According to a government official from the Board, the combined municipal debt of migrants who previously resided in and left Manama reached approximately BD2.5 million over the last 15 years.
The move comes as already-weak social protections for migrants have eroded and left migrants most impacted by the cost of living crisis. In the last decade, Bahrain removed various subsidies for migrants causing the prices of public services and products to increase, including subsidies for electricity and water which were gradually removed in 2016. Coupled with the lack of a minimum wage and poor labour practices, some low-income migrants fail to pay their bills or fall victim to predatory lenders.
Imposing travel bans on debtors and limiting their access to essential government services is not a new practice. In 2012, Human Rights Watch urged the government to end the entrapment of migrants who were prevented from leaving the country but also prevented from obtaining new residency and work permits, and therefore unable to work to pay off their debts. Banks and telecommunication companies, in particular, continue to pursue court-issued travel bans on migrants who do not pay back loans or fees.
If the new recommendations are accepted, migrants will no longer have automatic permission to leave Bahrain.
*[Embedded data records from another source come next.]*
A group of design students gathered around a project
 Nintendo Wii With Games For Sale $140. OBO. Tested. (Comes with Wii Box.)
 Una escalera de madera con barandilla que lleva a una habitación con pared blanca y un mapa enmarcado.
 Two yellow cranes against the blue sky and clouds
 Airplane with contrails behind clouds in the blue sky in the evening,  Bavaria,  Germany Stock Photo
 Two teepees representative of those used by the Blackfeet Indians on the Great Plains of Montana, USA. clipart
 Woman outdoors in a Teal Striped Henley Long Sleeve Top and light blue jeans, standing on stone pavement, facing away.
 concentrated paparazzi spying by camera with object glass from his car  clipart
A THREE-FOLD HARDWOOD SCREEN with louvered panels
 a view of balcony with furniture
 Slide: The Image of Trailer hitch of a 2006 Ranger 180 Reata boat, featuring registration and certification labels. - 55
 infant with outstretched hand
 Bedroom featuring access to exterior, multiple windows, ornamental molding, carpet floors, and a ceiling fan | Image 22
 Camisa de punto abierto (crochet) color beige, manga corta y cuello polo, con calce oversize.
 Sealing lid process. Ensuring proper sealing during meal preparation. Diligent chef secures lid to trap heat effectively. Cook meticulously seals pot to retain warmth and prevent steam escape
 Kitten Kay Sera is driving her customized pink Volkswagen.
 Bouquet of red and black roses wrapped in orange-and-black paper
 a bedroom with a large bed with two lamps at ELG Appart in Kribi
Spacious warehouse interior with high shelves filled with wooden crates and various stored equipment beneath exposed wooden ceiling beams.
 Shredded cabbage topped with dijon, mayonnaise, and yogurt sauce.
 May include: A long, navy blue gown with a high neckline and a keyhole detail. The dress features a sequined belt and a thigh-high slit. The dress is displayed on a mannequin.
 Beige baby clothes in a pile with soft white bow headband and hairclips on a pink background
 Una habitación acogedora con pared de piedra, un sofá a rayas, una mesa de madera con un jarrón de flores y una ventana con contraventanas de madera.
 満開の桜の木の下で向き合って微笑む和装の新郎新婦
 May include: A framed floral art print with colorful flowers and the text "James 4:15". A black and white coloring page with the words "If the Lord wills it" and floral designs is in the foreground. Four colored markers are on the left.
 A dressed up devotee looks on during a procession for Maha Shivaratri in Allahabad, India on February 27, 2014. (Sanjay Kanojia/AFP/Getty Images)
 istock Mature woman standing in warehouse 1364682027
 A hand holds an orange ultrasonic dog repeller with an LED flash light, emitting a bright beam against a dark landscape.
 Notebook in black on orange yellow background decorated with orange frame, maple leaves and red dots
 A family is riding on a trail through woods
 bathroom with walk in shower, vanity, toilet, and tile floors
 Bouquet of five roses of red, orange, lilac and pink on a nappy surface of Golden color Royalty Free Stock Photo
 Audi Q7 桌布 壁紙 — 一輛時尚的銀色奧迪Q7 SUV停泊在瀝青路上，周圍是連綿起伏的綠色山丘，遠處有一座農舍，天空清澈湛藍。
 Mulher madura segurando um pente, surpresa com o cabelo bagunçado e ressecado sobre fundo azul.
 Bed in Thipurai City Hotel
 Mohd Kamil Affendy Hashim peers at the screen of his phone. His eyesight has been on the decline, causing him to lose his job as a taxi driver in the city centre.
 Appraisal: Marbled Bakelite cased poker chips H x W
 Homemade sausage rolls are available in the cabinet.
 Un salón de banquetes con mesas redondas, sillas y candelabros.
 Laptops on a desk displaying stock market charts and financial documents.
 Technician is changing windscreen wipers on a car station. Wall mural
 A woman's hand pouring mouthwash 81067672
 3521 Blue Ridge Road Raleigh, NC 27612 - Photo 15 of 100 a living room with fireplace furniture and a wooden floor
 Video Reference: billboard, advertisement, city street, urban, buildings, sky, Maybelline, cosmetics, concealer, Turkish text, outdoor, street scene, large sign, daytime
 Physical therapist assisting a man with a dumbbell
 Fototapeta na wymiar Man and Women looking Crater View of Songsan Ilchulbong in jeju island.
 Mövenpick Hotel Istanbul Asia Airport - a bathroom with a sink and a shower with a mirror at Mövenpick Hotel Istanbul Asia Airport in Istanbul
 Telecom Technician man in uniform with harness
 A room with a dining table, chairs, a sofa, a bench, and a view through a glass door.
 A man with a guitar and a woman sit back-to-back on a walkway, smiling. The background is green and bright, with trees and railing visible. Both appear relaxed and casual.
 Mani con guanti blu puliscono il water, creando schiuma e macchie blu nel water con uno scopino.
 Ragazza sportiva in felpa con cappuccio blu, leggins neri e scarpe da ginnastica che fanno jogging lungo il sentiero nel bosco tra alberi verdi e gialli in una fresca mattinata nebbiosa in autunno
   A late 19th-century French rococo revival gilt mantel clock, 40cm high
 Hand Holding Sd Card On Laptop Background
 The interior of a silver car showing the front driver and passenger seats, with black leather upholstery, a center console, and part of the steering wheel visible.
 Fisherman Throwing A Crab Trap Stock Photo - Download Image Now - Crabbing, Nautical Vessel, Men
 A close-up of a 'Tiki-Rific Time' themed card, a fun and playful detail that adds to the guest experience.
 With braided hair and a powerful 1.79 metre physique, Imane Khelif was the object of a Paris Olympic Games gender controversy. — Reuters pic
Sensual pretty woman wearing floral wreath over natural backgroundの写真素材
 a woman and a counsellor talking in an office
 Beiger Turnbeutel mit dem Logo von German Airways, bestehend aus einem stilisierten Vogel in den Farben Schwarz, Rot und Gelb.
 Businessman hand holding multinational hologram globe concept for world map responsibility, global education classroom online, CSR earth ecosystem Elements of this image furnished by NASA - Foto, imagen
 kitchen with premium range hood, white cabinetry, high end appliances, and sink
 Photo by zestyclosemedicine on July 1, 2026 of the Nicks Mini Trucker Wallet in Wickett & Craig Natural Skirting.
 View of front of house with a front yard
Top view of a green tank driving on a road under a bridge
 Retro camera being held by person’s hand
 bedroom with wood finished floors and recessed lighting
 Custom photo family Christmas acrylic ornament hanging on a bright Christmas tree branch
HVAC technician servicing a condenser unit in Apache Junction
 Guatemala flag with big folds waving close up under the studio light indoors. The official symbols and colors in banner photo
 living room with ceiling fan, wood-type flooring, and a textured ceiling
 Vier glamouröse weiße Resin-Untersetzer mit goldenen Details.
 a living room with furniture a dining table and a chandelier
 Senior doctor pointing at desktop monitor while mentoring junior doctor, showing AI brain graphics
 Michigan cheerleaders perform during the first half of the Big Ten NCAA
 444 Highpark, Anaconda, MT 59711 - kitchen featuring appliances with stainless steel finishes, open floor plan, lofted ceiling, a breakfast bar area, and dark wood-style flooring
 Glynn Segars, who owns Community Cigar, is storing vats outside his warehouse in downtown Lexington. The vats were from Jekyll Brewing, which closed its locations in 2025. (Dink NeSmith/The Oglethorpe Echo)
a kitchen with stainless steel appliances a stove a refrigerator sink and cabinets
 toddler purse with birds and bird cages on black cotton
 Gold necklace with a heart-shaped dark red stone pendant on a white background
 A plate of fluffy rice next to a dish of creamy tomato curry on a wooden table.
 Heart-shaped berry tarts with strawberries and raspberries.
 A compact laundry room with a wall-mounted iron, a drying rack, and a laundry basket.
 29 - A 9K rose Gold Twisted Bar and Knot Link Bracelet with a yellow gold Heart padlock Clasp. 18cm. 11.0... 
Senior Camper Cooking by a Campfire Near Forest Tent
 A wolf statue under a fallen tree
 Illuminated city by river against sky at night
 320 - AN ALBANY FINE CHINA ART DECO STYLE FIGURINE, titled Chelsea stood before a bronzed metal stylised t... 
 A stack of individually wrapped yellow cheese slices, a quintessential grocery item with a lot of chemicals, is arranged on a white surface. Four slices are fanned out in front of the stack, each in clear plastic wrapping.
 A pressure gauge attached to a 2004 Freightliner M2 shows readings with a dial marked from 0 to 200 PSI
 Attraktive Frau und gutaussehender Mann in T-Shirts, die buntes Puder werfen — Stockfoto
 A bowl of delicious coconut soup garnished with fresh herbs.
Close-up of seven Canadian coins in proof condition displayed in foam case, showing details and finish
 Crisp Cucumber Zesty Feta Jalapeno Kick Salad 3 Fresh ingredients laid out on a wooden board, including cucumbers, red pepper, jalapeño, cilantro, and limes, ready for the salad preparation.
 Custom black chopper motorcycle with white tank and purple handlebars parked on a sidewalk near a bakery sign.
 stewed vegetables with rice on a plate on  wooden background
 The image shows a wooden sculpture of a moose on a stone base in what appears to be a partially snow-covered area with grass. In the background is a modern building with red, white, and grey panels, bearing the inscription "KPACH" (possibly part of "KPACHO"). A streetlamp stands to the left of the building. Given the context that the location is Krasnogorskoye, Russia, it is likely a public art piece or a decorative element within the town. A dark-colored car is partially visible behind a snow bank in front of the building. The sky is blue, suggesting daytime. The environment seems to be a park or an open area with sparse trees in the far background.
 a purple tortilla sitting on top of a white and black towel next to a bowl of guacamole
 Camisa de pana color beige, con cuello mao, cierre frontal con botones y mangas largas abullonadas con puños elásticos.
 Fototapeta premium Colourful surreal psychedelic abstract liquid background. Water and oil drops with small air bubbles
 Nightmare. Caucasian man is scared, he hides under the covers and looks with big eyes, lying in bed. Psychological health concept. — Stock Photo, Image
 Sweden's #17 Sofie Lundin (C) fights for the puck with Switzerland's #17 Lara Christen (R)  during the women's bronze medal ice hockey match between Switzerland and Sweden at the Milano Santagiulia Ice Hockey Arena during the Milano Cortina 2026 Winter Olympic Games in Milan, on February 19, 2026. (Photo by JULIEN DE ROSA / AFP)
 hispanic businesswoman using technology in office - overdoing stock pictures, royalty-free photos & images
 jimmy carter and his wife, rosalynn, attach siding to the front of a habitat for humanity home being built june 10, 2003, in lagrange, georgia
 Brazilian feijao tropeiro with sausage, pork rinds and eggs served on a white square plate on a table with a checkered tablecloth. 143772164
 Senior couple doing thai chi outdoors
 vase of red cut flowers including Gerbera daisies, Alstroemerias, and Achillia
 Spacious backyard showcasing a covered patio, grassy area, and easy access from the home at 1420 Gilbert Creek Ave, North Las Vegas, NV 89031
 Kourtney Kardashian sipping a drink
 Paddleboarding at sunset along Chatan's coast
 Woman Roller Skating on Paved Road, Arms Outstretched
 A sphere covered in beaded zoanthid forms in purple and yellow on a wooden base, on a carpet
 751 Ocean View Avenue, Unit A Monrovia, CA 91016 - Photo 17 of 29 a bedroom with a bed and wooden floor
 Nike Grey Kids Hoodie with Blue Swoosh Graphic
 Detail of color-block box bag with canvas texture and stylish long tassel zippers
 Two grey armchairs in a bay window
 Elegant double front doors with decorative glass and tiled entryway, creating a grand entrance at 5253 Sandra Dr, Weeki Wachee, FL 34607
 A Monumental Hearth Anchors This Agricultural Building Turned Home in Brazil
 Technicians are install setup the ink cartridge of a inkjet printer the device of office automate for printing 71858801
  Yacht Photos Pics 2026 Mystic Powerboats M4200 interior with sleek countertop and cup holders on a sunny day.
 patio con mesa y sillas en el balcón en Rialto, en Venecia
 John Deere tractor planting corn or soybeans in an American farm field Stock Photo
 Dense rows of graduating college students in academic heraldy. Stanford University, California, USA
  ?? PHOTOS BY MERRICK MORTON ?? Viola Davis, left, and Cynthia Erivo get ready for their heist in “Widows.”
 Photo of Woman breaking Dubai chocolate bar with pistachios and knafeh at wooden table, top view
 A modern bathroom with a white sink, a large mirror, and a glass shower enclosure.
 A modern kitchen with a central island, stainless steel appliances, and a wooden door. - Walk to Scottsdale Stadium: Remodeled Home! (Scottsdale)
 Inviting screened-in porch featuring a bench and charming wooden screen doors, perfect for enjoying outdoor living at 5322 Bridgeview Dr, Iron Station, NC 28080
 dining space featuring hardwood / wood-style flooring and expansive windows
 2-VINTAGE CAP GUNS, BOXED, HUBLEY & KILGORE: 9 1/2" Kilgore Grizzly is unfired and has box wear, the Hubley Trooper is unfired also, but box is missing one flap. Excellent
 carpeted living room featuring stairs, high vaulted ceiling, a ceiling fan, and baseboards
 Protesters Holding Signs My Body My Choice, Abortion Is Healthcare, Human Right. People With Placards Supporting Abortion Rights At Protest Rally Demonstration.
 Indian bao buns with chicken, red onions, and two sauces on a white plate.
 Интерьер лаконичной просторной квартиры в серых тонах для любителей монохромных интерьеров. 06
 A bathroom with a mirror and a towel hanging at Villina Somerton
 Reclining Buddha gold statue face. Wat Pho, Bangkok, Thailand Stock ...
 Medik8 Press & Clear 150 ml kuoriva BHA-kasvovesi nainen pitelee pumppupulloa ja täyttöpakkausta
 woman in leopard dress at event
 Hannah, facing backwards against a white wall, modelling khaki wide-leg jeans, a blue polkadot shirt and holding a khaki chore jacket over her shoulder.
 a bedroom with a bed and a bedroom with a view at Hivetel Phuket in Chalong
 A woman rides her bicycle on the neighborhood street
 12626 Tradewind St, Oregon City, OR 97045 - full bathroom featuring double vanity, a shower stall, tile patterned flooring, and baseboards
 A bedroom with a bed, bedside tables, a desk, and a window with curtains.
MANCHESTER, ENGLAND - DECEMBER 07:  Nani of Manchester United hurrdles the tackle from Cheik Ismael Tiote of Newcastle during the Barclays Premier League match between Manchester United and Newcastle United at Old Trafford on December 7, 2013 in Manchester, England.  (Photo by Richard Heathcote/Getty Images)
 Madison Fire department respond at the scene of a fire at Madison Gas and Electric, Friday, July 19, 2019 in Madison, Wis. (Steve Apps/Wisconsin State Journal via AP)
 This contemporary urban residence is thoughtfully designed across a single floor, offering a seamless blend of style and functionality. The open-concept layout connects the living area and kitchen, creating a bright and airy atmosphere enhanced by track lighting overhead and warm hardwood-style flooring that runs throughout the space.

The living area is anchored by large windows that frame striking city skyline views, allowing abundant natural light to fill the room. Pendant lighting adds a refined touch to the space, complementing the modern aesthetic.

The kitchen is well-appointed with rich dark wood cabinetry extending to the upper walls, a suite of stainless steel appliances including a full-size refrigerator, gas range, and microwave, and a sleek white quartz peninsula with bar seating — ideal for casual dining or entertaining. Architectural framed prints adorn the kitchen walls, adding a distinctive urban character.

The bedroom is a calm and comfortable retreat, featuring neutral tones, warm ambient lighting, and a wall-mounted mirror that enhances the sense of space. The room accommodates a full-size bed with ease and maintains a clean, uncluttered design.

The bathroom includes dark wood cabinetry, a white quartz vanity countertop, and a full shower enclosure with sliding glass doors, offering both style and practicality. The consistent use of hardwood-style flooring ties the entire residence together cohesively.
Essentially, this would entail the reintroduction of "exit visa," which was previously abolished by the Bahraini government.
There is also a striking contrast in the way that the Bahraini government approaches debt to private and public institutions, versus dues owed to migrant workers. While strict measures are used to recoup debts, the Bahrain government fails to curb wage theft and has no mechanisms in place (or proposed) to protect the thousands of migrants who leave the country without receiving their wages and entitlements from their employers. The case of G.P. Zachariades company, which was primarily contracted by the Bahraini government, is a striking example: GPZ workers were owed a total of BD250,000 (US$ 663,144) in salaries and settlements but left Bahrain without obtaining their dues.
Migrant-Rights.org urges the Bahraini government to reject the Board’s recommendations and to improve labour conditions and social protections for migrants so that they can avoid debts. These measures should include a mechanism to ensure that migrant workers receive their dues from their employers before leaving the country.